(At least the book people get to do their wandering in an aromatic forest alongside a scenic riverbank; right now my office is deep in an interior building, devoid of natural light. Though I live in a stunningly beautiful place, while at work I don't get to see it, not even through a window. Such is the current status of the English professor in 2014.)
While the "book people" could at least see the light of day, we do have one advantage on them: the possibility to connect through technology. I know, I know—it’s popular for people like us (i.e., people who read) to bash technology as evil, to view the computer and/or the TV and/or the video game console and/or the smart phone as contributors to the dumbing-down of humanity, the fall of literacy, and perhaps the end of civilization as we know it. Here again I think of Fahrenheit 451, when the once-professor Faber opines: "It's not books you need, it's some of the things that once were in books. . . . The same infinite detail and awareness could be projected through the radios, and televisors, but are not. No, no, it's not books at all you're looking for! Take it where you can find it . . . Books were only one type of receptacle where we stored a lot of things we were afraid we might forget. There is nothing magical in them at all. The magic is only in what books say, how they stitched the patches of the universe together into one garment for us."

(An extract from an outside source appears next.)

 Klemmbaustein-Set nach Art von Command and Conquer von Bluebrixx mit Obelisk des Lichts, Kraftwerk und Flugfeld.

Faber makes a good point--after all, Mein Kampf was a book. Nor is there anything inherently evil in pictures that move and speak (for instance, I never grow tired of hearing Martin Luther King orating on the National Mall, speaking aloud his dream). We all know people who use technology poorly—hey, at times we may even be those people—but we can also use it productively. In the spirit of Faber's advice to take "the magic" where we can find it, I hope this blog will help more of us to "store" a lot of non-tangible things: literature, of course (in many forms and genres, from many places), as well as music, film, theatre, art, history, comparative religion, philosophy, and all forms of human expression and their study—the stuff we learn how to do and/or to appreciate not because we hope to make big bucks by doing so, but because the process of pursuing these endeavors adds value and meaning to our lives in ways that go far beyond making more money and acquiring more "stuff."

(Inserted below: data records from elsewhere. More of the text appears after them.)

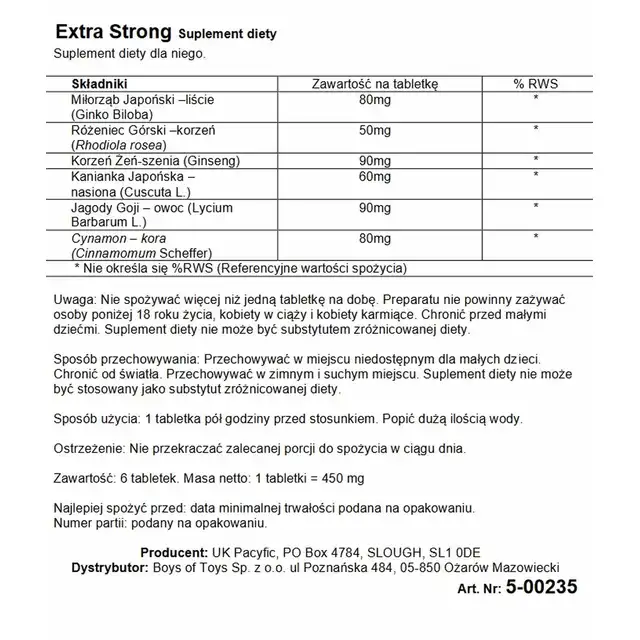 Supl.diety-Extra Strong 6 Capsules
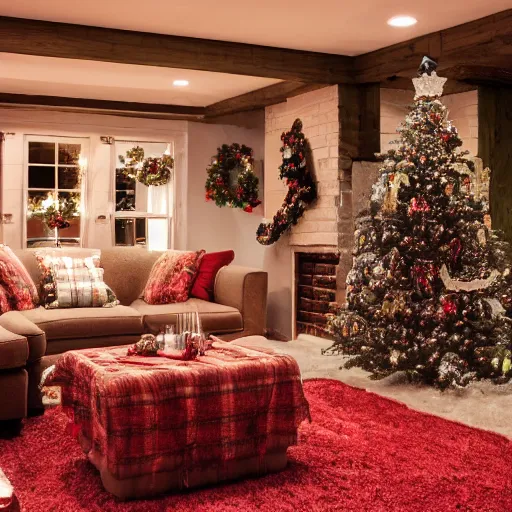 Image similar to interior of a cozy basement with christmas decorations, hd photo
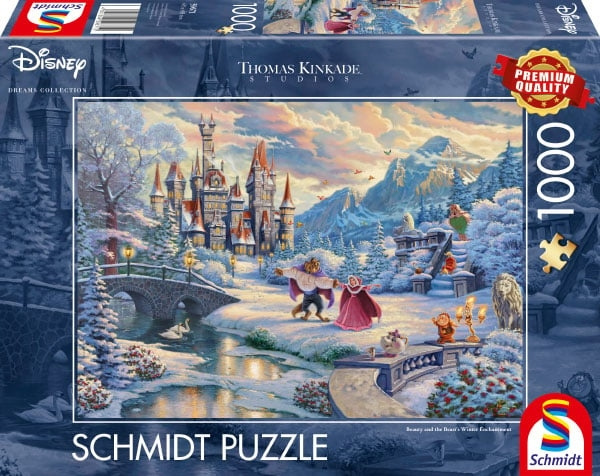 Schmidt Thomas Kinkade: Disney - Beauty and the Beast\'s Winter Enchantment (1000 pieces) (SCH6712) in the group Sport, leisure & Hobby / Hobby / Puzzle at TP E-commerce Nordic AB (C89441)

I’d also like to invite positive discussion and sharing of ideas--to take the humanities out of the so-called "ivory tower" (which in my case is more like a dungeon, lacking ivory). The humanities are crucial for everybody, not just those who teach, study, and/or practice them formally. The humanities have much to offer people from all walks of life, regardless of occupation, educational level, income, social status, religion, sexual orientation, gender, or any number of the many artificial barriers that fool us into thinking we don't share a common humanity. It is my hope that if we join together, those of us who care about keeping the arts and humanities alive--both within and outside traditional venues such as the academy--can convince more people to care and to work toward that end.

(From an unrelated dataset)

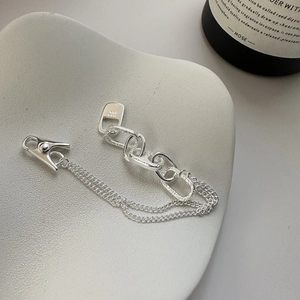 S925 Sterling Silver Pig Nose Double Chain Bracelet For Women Arabesque Pattern Clip Charm Bracelet Niche Design Fashion Jewelry Gift
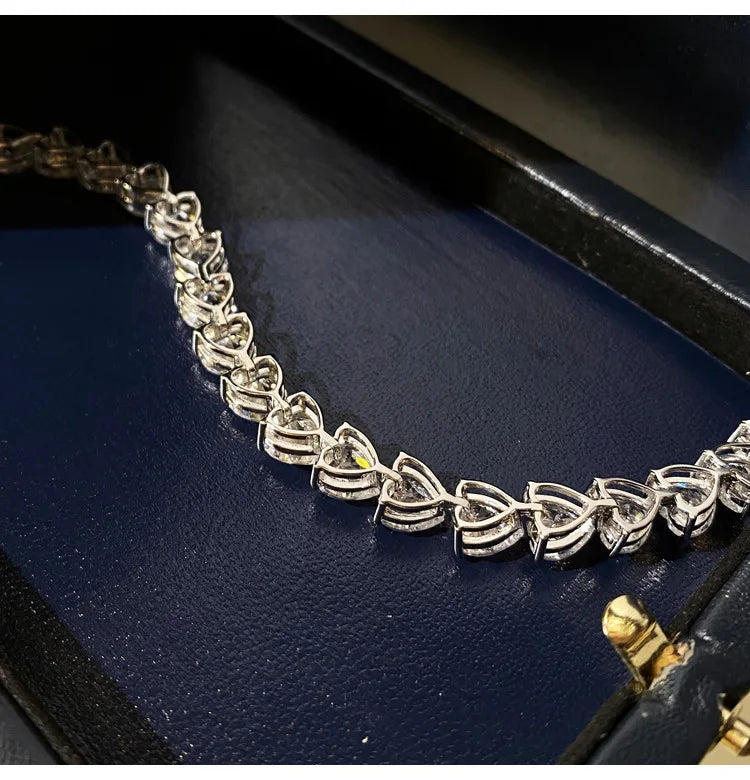 Exquisite 925 Sterling Silver Lab Diamond Tennis Bracelet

My goal here is ridiculously ambitious: I want nothing less than to change our cultural conversations. I want to broaden our sense of “what education is for,” to challenge unfair stereotypes of the hapless English major (or any arts/humanities student), and to persuade people that the humanities matter. I want to challenge the present cultural biases against anything that cannot be quantified in numerical terms. Like Bradbury's "book people," our goal is to keep cultural memory alive as we journey to a yet unknown place, anticipating a future in which a broader spectrum of society cares, as we do, about storing "a lot of things we [are] afraid we might forget." Maybe that is too much to expect, but we all owe it to ourselves to try. As Bradbury put it so well in his freakishly prescient novel: "Do your own bit of saving, and if you drown, at least die knowing you were headed for shore.”